▸ **ASSIGNED TASK**: Each record should be retyped word for word.
-------- DATA FOR THIS TASK --------
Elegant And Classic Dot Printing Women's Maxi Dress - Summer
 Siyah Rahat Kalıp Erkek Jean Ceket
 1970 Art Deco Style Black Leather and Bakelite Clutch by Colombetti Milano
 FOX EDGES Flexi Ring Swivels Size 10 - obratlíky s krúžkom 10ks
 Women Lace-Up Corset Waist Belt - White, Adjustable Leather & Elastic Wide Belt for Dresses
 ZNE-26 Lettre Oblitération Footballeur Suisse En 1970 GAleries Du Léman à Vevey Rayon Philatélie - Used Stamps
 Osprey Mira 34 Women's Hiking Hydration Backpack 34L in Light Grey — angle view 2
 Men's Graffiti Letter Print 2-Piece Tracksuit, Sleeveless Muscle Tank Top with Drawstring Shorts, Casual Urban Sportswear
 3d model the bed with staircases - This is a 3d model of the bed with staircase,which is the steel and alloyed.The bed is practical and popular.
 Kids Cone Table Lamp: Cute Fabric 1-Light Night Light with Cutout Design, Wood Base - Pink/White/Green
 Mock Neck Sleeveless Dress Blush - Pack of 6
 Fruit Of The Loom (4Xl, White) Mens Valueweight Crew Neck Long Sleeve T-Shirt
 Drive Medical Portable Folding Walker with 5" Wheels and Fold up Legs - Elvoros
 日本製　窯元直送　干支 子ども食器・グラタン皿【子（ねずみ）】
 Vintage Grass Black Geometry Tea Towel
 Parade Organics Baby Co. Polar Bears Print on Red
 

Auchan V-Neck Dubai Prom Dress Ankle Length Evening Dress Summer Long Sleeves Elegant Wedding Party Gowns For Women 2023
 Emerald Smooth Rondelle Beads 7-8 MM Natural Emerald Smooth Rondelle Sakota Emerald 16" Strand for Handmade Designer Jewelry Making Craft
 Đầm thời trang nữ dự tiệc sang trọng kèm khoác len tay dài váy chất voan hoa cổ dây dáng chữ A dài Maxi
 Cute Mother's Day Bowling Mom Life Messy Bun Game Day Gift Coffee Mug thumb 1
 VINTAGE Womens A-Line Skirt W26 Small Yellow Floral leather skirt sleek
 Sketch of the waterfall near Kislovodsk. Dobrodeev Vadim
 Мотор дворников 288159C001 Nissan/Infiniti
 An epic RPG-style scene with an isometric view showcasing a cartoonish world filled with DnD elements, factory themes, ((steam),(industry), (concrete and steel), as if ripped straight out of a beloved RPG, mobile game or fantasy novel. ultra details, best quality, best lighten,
--------
▸ **OUTPUT OF THE TASK**:
Elegant And Classic Dot Printing Women's Maxi Dress - Summer
 Siyah Rahat Kalıp Erkek Jean Ceket
 1970 Art Deco Style Black Leather and Bakelite Clutch by Colombetti Milano
 FOX EDGES Flexi Ring Swivels Size 10 - obratlíky s krúžkom 10ks
 Women Lace-Up Corset Waist Belt - White, Adjustable Leather & Elastic Wide Belt for Dresses
 ZNE-26 Lettre Oblitération Footballeur Suisse En 1970 GAleries Du Léman à Vevey Rayon Philatélie - Used Stamps
 Osprey Mira 34 Women's Hiking Hydration Backpack 34L in Light Grey — angle view 2
 Men's Graffiti Letter Print 2-Piece Tracksuit, Sleeveless Muscle Tank Top with Drawstring Shorts, Casual Urban Sportswear
 3d model the bed with staircases - This is a 3d model of the bed with staircase,which is the steel and alloyed.The bed is practical and popular.
 Kids Cone Table Lamp: Cute Fabric 1-Light Night Light with Cutout Design, Wood Base - Pink/White/Green
 Mock Neck Sleeveless Dress Blush - Pack of 6
 Fruit Of The Loom (4Xl, White) Mens Valueweight Crew Neck Long Sleeve T-Shirt
 Drive Medical Portable Folding Walker with 5" Wheels and Fold up Legs - Elvoros
 日本製　窯元直送　干支 子ども食器・グラタン皿【子（ねずみ）】
 Vintage Grass Black Geometry Tea Towel
 Parade Organics Baby Co. Polar Bears Print on Red
 

Auchan V-Neck Dubai Prom Dress Ankle Length Evening Dress Summer Long Sleeves Elegant Wedding Party Gowns For Women 2023
 Emerald Smooth Rondelle Beads 7-8 MM Natural Emerald Smooth Rondelle Sakota Emerald 16" Strand for Handmade Designer Jewelry Making Craft
 Đầm thời trang nữ dự tiệc sang trọng kèm khoác len tay dài váy chất voan hoa cổ dây dáng chữ A dài Maxi
 Cute Mother's Day Bowling Mom Life Messy Bun Game Day Gift Coffee Mug thumb 1
 VINTAGE Womens A-Line Skirt W26 Small Yellow Floral leather skirt sleek
 Sketch of the waterfall near Kislovodsk. Dobrodeev Vadim
 Мотор дворников 288159C001 Nissan/Infiniti
 An epic RPG-style scene with an isometric view showcasing a cartoonish world filled with DnD elements, factory themes, ((steam),(industry), (concrete and steel), as if ripped straight out of a beloved RPG, mobile game or fantasy novel. ultra details, best quality, best lighten,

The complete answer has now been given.